Print this pageNumerical Modeling of Fault-Related Folding and Associated Fluid Flow
STRAYER, LUTHER M., and PETER HUDLESTON
Fault-related folds often show evidence for the involvement of fluids during deformation in the form of veins, secondary minerals on fracture surfaces, and stylolites. Fluid flow may occur: a) within the network of discontinuities that includes bedding planes, faults, and fractures; and b) within the pores in the continuum. We investigate such behavior using the numerical code FLAC, creating models of fault-related folds, with and without coupled fluid flow. The rock layers are given elastic-plastic Mohr-Coulomb constitutive relations. Dilation angle, cohesion, porosity, and permeability are also defined. Interfaces and faults are assigned normal and shear stiffnesses, coefficient of friction and cohesion. In these simulations only flow through the continuum is considered.

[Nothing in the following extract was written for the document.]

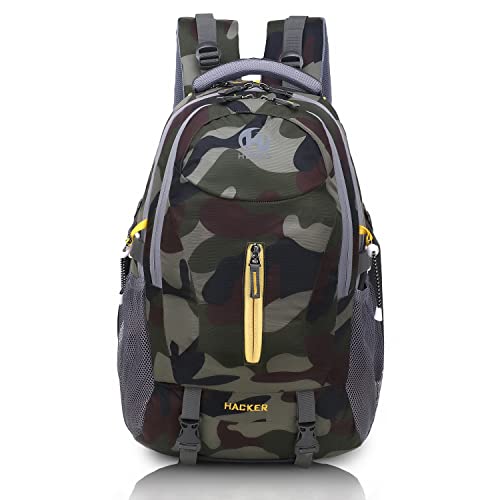 HEROZ Hacker 50 litres Nylon Travel Laptop Backpack Water Resistant Slim Durable Computer Book Bag Tracking Fits Up to 17.3-inch Laptop (058- All), Army Jungle, L, Country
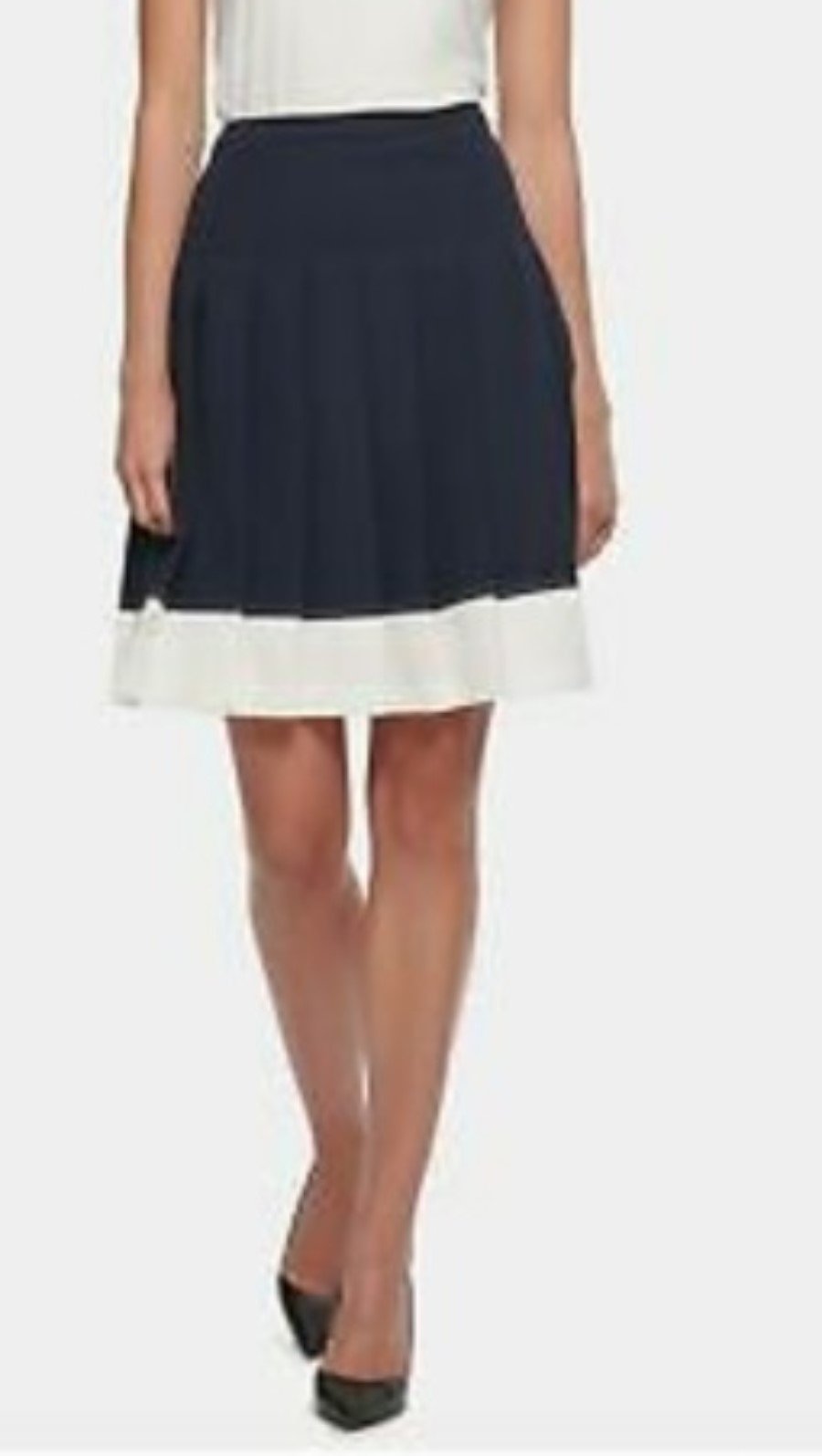 NWOT Tommy Hilfiger 10 Pleated Blue & White Skirt 112478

Our results in 'dry' rock show that fold style depends on the relative rigidity of hangingwall and footwall, friction along the fault, fault 'dip', fault displacement, and the relative ease of local to far-field slip on the fault. Fold styles include fault-bend and fault-propagation types. Our initial 'wet' simulations indicate there is significant fluid flow that is driven only by pressure changes associated with fault movement. In the region around the hangingwall and footwall layer-boundary cutoffs, voids open up during stages of the simulation, consistent with the presence of secondary minerals in similar locations in nature. Other simulations show strong coupling between dilational strain, pore-fluid pressure, and fluid flow. The latter is focused within zones of localized plastic flow that simulate brittle deformation and fault development in nature.